したがって、以下のような様々なツールやテクニックを用いて、EPSの操作や歪曲を特定し、回避することが極めて重要である

財務諸表分析
財務諸表分析:財務諸表分析とは、企業の財務パフォーマンス、ポジション、見通しを評価するために、財務諸表と財務比率を調査し、解釈するプロセスである。財務諸表分析は、以下のような EPS 操作や歪曲の兆候、症状、または赤信号を検出することで、EPS 操作や歪曲を特定し、回避するのに役立ちます:
    * 純利益、EPS、または PER が、過去、業界、または同業他社のトレンドや平均と比較して、異 常または一貫性のない変化をしている。
    * 異なる会計手法、方針、前提条件、または営業外項目や経常外項目に起因する、当期純利益または EPS の大幅または頻繁な調整、消去、または正規化。
    * 自社株買い、M&A、特別項目、または収益管理による、純利益またはEPSの大幅または予期せぬ増減。
    * 純利益またはEPSの発生、キャッシュフロー、持続可能性、または持続性によって測定される、収益の質が高いか低いか。
    * 純利益またはEPSの標準偏差、変動係数、または収益サプライズによって測定される、収益の変動性またはボラティリティが高いか低いか。

* 純利益またはEPSと売上高、営業利益、キャッシュフロー、株価との回帰、相関、またはグレンジャー因果関係によって測定される、収益の相関または因果関係が高いか低いか。
* 純利益またはEPSの収益目標、収益期待、役員報酬、ストック・オプションによって測定される、収益のインセンティブまたは動機が高いか低いか。

フォレンジック会計
フォレンジック・アカウンティングとは、会計、監査、調査技術を応用し、企業の財務諸表や財務取引を調査・分析し、不正、誤り、不公正を発見・防止すること。
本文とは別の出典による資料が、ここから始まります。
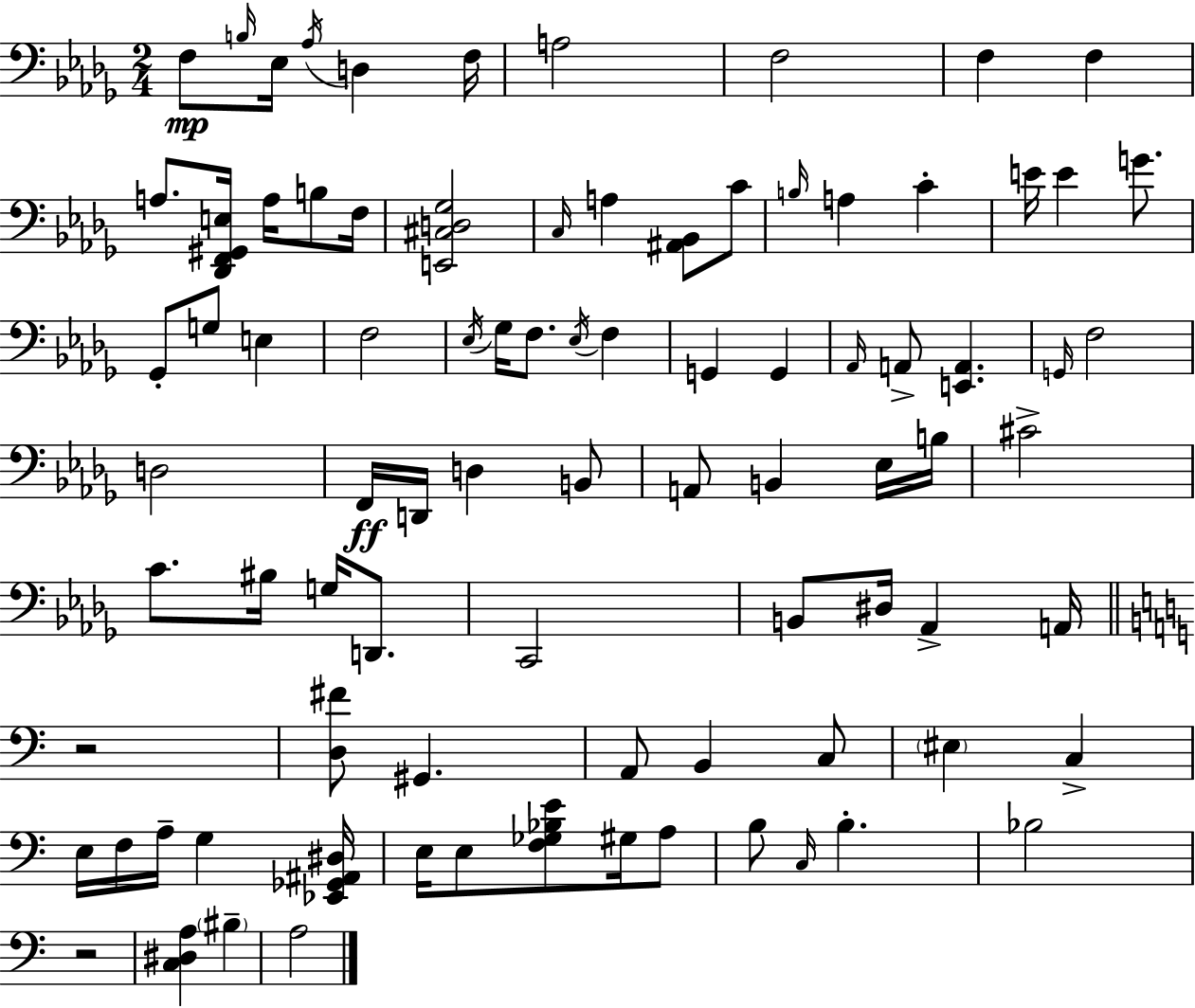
{
  \clef bass
  \numericTimeSignature
  \time 2/4
  \key bes \minor
  \repeat volta 2 { f8\mp \grace { b16 } ees16 \acciaccatura { aes16 } d4 | f16 a2 | f2 | f4 f4 | \break a8. <des, f, gis, e>16 a16 b8 | f16 <e, cis d ges>2 | \grace { c16 } a4 <ais, bes,>8 | c'8 \grace { b16 } a4 | \break c'4-. e'16 e'4 | g'8. ges,8-. g8 | e4 f2 | \acciaccatura { ees16 } ges16 f8. | \break \acciaccatura { ees16 } f4 g,4 | g,4 \grace { aes,16 } a,8-> | <e, a,>4. \grace { g,16 } | f2 | \break d2 | f,16\ff d,16 d4 b,8 | a,8 b,4 ees16 b16 | cis'2-> | \break c'8. bis16 g16 d,8. | c,2 | b,8 dis16 aes,4-> a,16 | \bar "||" \break \key a \minor r2 | <d fis'>8 gis,4. | a,8 b,4 c8 | \parenthesize eis4 c4-> | \break e16 f16 a16-- g4 <ees, ges, ais, dis>16 | e16 e8 <f ges bes e'>8 gis16 a8 | b8 \grace { c16 } b4.-. | bes2 | \break r2 | <c dis a>4 \parenthesize bis4-- | a2 | } \bar "|."
}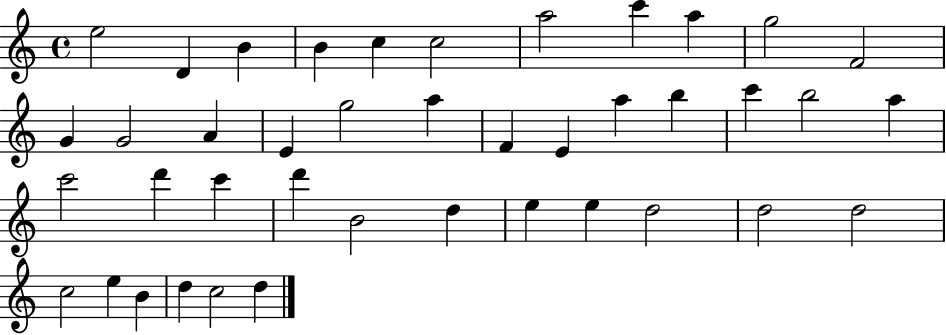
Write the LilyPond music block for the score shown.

{
  \clef treble
  \time 4/4
  \defaultTimeSignature
  \key c \major
  e''2 d'4 b'4 | b'4 c''4 c''2 | a''2 c'''4 a''4 | g''2 f'2 | \break g'4 g'2 a'4 | e'4 g''2 a''4 | f'4 e'4 a''4 b''4 | c'''4 b''2 a''4 | \break c'''2 d'''4 c'''4 | d'''4 b'2 d''4 | e''4 e''4 d''2 | d''2 d''2 | \break c''2 e''4 b'4 | d''4 c''2 d''4 | \bar "|."
}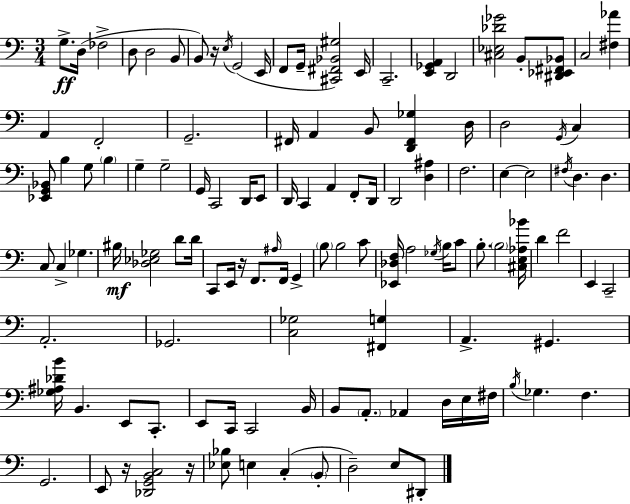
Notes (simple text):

G3/e. D3/s FES3/h D3/e D3/h B2/e B2/e R/s E3/s G2/h E2/s F2/e G2/s [C#2,F#2,Bb2,G#3]/h E2/s C2/h. [E2,Gb2,A2]/q D2/h [C#3,Eb3,Db4,Gb4]/h B2/e [D#2,Eb2,F#2,Bb2]/e C3/h [F#3,Ab4]/q A2/q F2/h G2/h. F#2/s A2/q B2/e [D2,F#2,Gb3]/q D3/s D3/h G2/s C3/q [Eb2,G2,Bb2]/e B3/q G3/e B3/q G3/q G3/h G2/s C2/h D2/s E2/e D2/s C2/q A2/q F2/e D2/s D2/h [D3,A#3]/q F3/h. E3/q E3/h F#3/s D3/q. D3/q. C3/e C3/q Gb3/q. BIS3/s [Db3,Eb3,Gb3]/h D4/e D4/s C2/e E2/s R/s F2/e. A#3/s F2/s G2/q B3/e B3/h C4/e [Eb2,Db3,F3]/s A3/h Gb3/s B3/s C4/e B3/e. B3/h [C#3,E3,Ab3,Bb4]/s D4/q F4/h E2/q C2/h A2/h. Gb2/h. [C3,Gb3]/h [F#2,G3]/q A2/q. G#2/q. [Gb3,A#3,Db4,B4]/s B2/q. E2/e C2/e. E2/e C2/s C2/h B2/s B2/e A2/e. Ab2/q D3/s E3/s F#3/s B3/s Gb3/q. F3/q. G2/h. E2/e R/s [Db2,G2,B2,C3]/h R/s [Eb3,Bb3]/e E3/q C3/q B2/e D3/h E3/e D#2/e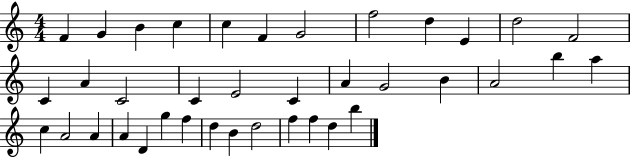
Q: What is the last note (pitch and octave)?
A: B5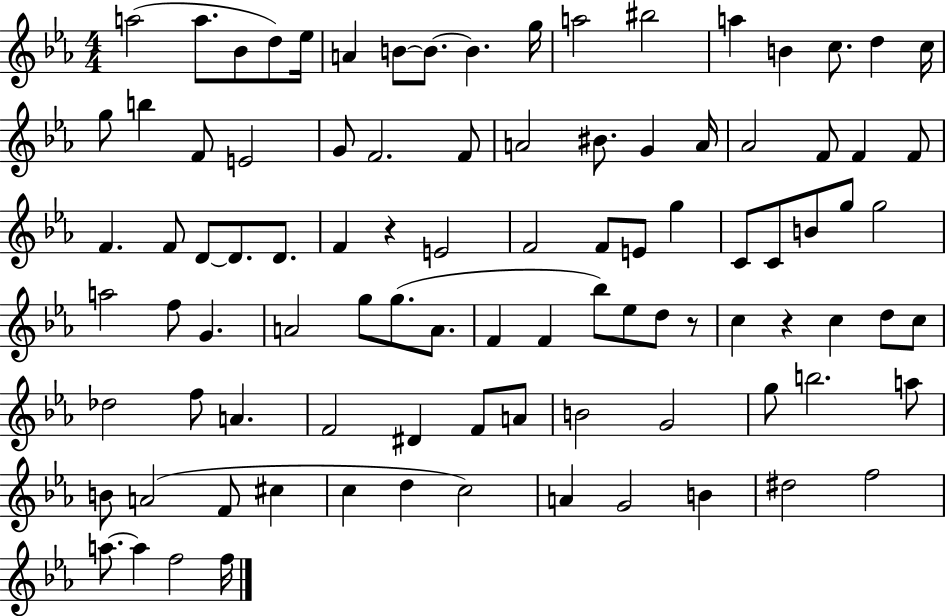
{
  \clef treble
  \numericTimeSignature
  \time 4/4
  \key ees \major
  \repeat volta 2 { a''2( a''8. bes'8 d''8) ees''16 | a'4 b'8~~ b'8.~~ b'4. g''16 | a''2 bis''2 | a''4 b'4 c''8. d''4 c''16 | \break g''8 b''4 f'8 e'2 | g'8 f'2. f'8 | a'2 bis'8. g'4 a'16 | aes'2 f'8 f'4 f'8 | \break f'4. f'8 d'8~~ d'8. d'8. | f'4 r4 e'2 | f'2 f'8 e'8 g''4 | c'8 c'8 b'8 g''8 g''2 | \break a''2 f''8 g'4. | a'2 g''8 g''8.( a'8. | f'4 f'4 bes''8) ees''8 d''8 r8 | c''4 r4 c''4 d''8 c''8 | \break des''2 f''8 a'4. | f'2 dis'4 f'8 a'8 | b'2 g'2 | g''8 b''2. a''8 | \break b'8 a'2( f'8 cis''4 | c''4 d''4 c''2) | a'4 g'2 b'4 | dis''2 f''2 | \break a''8.~~ a''4 f''2 f''16 | } \bar "|."
}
フォレンジック・アカウンティングは、以下のような様々なツールやテクニックを使用することで、EPSの操作や歪曲を特定し、回避するのに役立ちます。

ベンフォードの法則
ベンフォードの法則とは、現実世界における数値データの先頭桁がある一定の頻度分布に従うという統計的現象であり、そこでは桁の1が桁の9よりも頻繁に出現する。ベンフォードの法則は、実際の先頭桁の頻度とベンフォードの法則の予想頻度を比較することで、純利益やEPSなどの財務データの信憑性や信頼性をテストするために使用することができます。ベンフォードの法則からの著しい乖離は、財務データにおける操作や歪曲の存在を示す可能性がある。

ベニッシュ・モデル
ベニーシュ・モデルは、企業の財務諸表から導き出された8つの財務比率を用いて、Mスコアと呼ばれるスコアを算出する数学的モデルであり、収益操作の可能性を測定する。ベニッシュ・モデルは、企業のMスコアを-2.22のような閾値と比較することで、EPSの操作や歪曲を特定し、回避するために使用することができます。Mスコアが閾値より高ければ、利益操作の可能性が高いことを示している。

アルトマンZスコア
アルトマンZスコアは、企業の財務諸表から導き出された5つの財務比率を用いて、Zスコアと呼ばれるスコアを算出する財務計算式であり、企業の財務の健全性と倒産リスクを測定する。アルトマンのZスコアは、企業のZスコアを1.81~3.00といった値の範囲と比較することで、EPSの操作や歪みを特定し、回避するために使用することができる。Zスコアが数値の範囲より低ければ、企業の財務の健全性が低く、倒産リスクが高いことを示している可能性がある。


ファンダメンタル分析
ファンダメンタル分析とは、企業の成長性、収益性、リスク、競争優位性など、経済、業界、企業要因に基づいて、企業やその株式の本質的価値を評価するプロセスである。ファンダメンタル分析は、以下のような様々な手法を用いることで、EPSの操作や歪みを特定し、回避するのに役立ちます

割引キャッシュフロー(DCF)モデル
前述したように、DCF モデルは、企業の将来のフリー・キャッ シュ・フローを、企業への投資のリスクと機会費用を反映した割引率を用いて現在価値に割り 引く評価手法である。DCFモデルは、DCFモデルから導き出された企業または株式の本源的価値と、企業または株式の市場価値または同業他社の価値とを比較することにより、EPSの操作や歪曲を識別し、回避するために使用することができる。本源的価値と市場価値または同業者グループ価値との間に有意な差がある場合には、EPS に操作または歪曲が存在する可能性がある。

残余利益モデル
残余利益モデルは、株主資本の帳簿価額と、必要株主資本利益 率に対する当期純利益の超過額である残余利益の現在価値を加算することにより、企業の株主資本 価値を見積もる評価手法である。残余利益モデルは、残余利益モデルから導き出された企業またはその株式の本源的価値と、企業またはその株式の市場価値または同業他社グループ価値とを比較することにより、EPSの操作や歪曲を識別し、回避するために使用することができる。本源的価値と市場価値または同業者グループ価値との間に有意な差がある場合、EPS に操作または歪曲が存在する可能性がある。

配当割引モデル配当割引モデル
配当割引モデルは、株主資本コストを割引率として使用し、 将来の配当を現在価値に割り引くことによって企業の株式価値を見積もる評価手法である。配当割引モデルは、配当割引モデルから導き出された企業またはその株式の本源的価値と、企業またはその株式の市場価値または同業者グループ価値とを比較することにより、EPSの操作や歪曲を識別し、回避するために使用することができる。本源的価値と市場価値または同業者グループ価値との間に有意な差がある場合、EPS に操作や歪みが存在する可能性があります。

これらの方法を用いることで、企業のEPSを予測し、財務モデリングや予測に組み込むことができ、EPSを利用しより効果的かつ効率的な意思決定を行うことができる。

結論

EPSは、財務分析やバリュエーションにおいて、最も広く使用されている重要な指標の一つである。EPSは、企業が普通株式1株に対してどれだけの利益を生み出しているかを測る指標である。EPSは、企業の収益性、成長性、配当方針を示す重要な指標である。また、市場の期待や企業評価も反映する。EPSは多くの場合、企業の業績を比較するために使用される。